Boomers vs Zoomers

Boomers vs Zoomers: The Evergreen Exhibition

"Boomers vs Zoomers" is one of the most appealing ideas for big team exhibitions in fighting games and for good reason. The new blood as a collective wants to make it clear that we are in a new era, that the additional resources and QoL the community as a whole recieved collectively serve as the great equalizer that can overcome any amount of experience or background from before picking up the game. The old guard as a collective wants to remind us that reports of their demise have been greatly exaggerated and defeat the allegations that they were "playing against plumbers and firemen". It also, despite more likely than not drawing from the available player pool that is the host region, does not divide us by those regional boundaries.

While the appeal is everlasting, practically executing it is a bit harder to come by by virtue of trying to agree on the dividing line between boomer and zoomer given the whole of the scene. The very first scene I saw this team exhibition be floated for was UNI circa 2018 when UNIST's rise in popularity started in earnest.[1] The dividing line at this time had some qualifiers attached to it: to qualify as "boomer", you had to have earned your stripes netplaying UNIEL during tha Arcsys Cycle-enforced wait for the home release of UNIST. This cutoff was cited until UNICLR got the chance to mature and those who started with that version got the chance to go out and make names for themselves. I'd put the dividing line from the perspective of that moment in time as UNIST's addition to the main Evo lineup, which sent UNI into the stratosphere.
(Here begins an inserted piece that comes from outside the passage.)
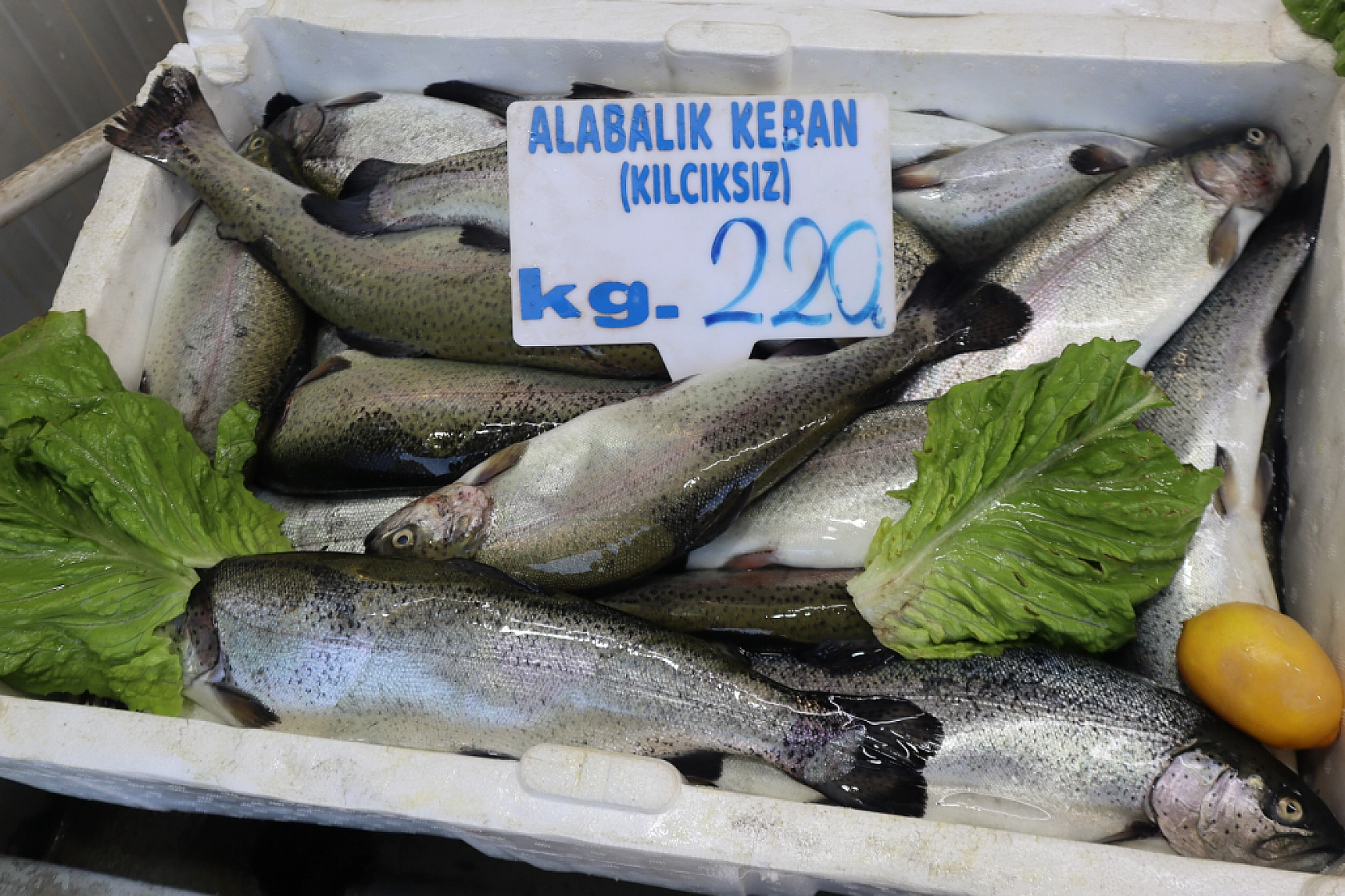 Malatya'da Balık Fiyatları Şaşırtıyor: İşte Güncel Balık Fiyatları!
One of the biggest pushes towards having Boomers vs Zoomers being ran in the near future is in MBAACC. Those championing this push highlight classic Melty's vast history; saying they are zoomers no matter how you cut it, as there are some people who have been playing longer than they've been alive. The large injection of new blood filling the spaces occupied by those who moved on from the game and more is part of why MBAACC's new halcyon days are right here, right now, so I wouldn't put the cutoff much further back than the creation of Climax of Night.

All of this got me thinking, with the current makeup of the FGC as a whole, was there some sort of sea change with knock-on effects that resulted in there being a clear dividing line between boomer and zoomer for each of the games with histories long enough that there's a distinction in the first place? The answer was right in front of me:

The Pandemic as a "Canon Event"

The fact that the suspension of offline fighting game events as a result of the onset of COVID-19 resulted in a major sea change for every fighting game one way or another is accepted by many. Having a network of constantly firing netplay tournaments targeted at multiple skill levels became a must for games and their playerbases to grow; whether the games already had rollback at the onset of the pandemic, escaped delay hell as a result of community efforts that arose during this period, or were still waiting for their ticket out as offline events resumed. The advent of these structural changes, combined with a growing number of players aging out of the hobby that I think should be acknowledged by more people, have made me confident enough in making my personal cutoffs for who counts as boomers and who counts as zoomers (as of the time of this writing) based on happenings that occurred in the absence of offline fighting game events rolling into their return.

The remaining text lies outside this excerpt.